Wat zullen de levenslange gevolgen zijn van blootstelling aan lood voor de COVID-generatie - kinderen die ook de sociale, emotionele en leerverliezen van de pandemie hebben doorstaan?
"Kinderen die lood in hun lichaam hebben, hebben moeite met leren. Ze hebben moeite met opletten," zegt McCauley. "Kinderen die positief testen op lood lopen een hoger risico om niet af te studeren op de middelbare school. Ze lopen een groter risico om betrokken te raken bij criminele activiteiten."
Voor de toekomst van die kinderen zijn er volgens McFarland meer vragen dan duidelijkheid. "We weten dat [blootstelling aan lood] gevolgen heeft voor de intelligentie - lagere niveaus, die overeenkomen met een aanzienlijk verlies van inkomsten. We weten dat het verband houdt met emotionele ontregeling, aandoeningen zoals ADHD.
"Maar wat zijn de onbekenden? Zijn er effecten in termen van cognitieve achteruitgang?

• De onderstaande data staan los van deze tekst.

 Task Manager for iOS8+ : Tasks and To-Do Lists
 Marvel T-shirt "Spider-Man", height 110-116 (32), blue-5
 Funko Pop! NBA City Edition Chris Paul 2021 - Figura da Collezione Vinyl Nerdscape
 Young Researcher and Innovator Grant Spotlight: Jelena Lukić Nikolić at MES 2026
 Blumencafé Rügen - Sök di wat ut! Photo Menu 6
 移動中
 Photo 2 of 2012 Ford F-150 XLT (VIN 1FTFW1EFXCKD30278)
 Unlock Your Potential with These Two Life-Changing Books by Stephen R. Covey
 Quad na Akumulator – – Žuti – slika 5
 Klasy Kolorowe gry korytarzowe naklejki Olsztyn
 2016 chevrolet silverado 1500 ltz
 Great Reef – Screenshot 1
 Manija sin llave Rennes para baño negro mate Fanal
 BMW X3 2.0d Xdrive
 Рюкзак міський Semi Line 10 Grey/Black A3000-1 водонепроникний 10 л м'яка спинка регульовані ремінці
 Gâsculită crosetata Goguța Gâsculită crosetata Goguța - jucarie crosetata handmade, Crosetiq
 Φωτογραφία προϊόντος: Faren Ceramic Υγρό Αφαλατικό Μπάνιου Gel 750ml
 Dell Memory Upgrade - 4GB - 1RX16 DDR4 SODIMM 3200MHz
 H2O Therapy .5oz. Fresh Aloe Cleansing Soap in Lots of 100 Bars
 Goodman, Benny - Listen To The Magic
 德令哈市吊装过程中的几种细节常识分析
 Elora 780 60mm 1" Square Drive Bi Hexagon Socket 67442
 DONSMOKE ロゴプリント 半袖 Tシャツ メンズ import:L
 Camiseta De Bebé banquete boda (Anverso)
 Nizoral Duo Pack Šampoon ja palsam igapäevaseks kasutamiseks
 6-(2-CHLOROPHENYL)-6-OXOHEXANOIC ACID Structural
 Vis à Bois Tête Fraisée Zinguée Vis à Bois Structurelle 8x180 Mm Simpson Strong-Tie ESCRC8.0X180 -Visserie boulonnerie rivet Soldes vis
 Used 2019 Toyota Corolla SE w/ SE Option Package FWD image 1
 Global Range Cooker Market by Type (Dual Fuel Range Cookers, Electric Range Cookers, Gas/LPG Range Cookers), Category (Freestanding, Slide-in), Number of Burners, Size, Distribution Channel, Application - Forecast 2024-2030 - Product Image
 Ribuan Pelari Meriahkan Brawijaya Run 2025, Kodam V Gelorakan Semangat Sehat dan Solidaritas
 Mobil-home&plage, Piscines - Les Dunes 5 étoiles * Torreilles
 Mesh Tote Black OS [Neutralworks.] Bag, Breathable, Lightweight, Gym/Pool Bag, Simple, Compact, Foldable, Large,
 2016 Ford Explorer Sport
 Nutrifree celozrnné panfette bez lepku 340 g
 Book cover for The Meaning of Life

Hoe zal dit mensen beïnvloeden als ze ouder worden? [Wij vermoeden dat blootstelling aan lood de gezondheid van de bevolking de komende decennia zal blijven beïnvloeden.
Hij merkt op dat lood weliswaar niet meer voorkomt in benzine voor auto's en nieuwe verf, maar nog wel in brandstof voor propellervliegtuigen. Lood schuilt ook in de bodem, het drinkwater, sommige traditionele geneesmiddelen en consumentenproducten zoals speelgoed en verzamelobjecten - precies die dingen waaraan meer kinderen thuis zijn blootgesteld tijdens de pandemie.
Lood heeft een lange en besmette geschiedenis. Door de Ouden beschouwd als de "vader van alle metalen", was lood een ingrediënt in rouges en mascara's, verfpigment, spermicide, specerijen en in de kilometerslange leidingen die de dorst van Rome en zijn keizerlijke steden lesten. De Romeinen wisten dat acute loodvergiftiging krankzinnigheid en zelfs de dood kon veroorzaken, maar ze beseften niet de sluipende effecten van blootstelling op laag niveau.
Elk deeltje lood in het milieu is een risico voor kinderen. Maar, zegt McFarland, we kunnen nog steeds leren van de fouten van de Ouden - en van ons eigen nonchalante gebruik van lood in de afgelopen decennia. "Vanaf het begin van de jaren twintig was er bezorgdheid over de giftigheid van lood," zegt hij, maar men ging er ook van uit dat de stof "onschuldig was totdat het tegendeel was bewezen".
Nu, zegt hij, "moeten we misschien niet aannemen dat [stoffen] goedaardig zijn totdat het tegendeel is bewezen, maar moeten we een norm hebben om te bepalen of ze schadelijk zijn voordat we ze vrijgeven aan de massa."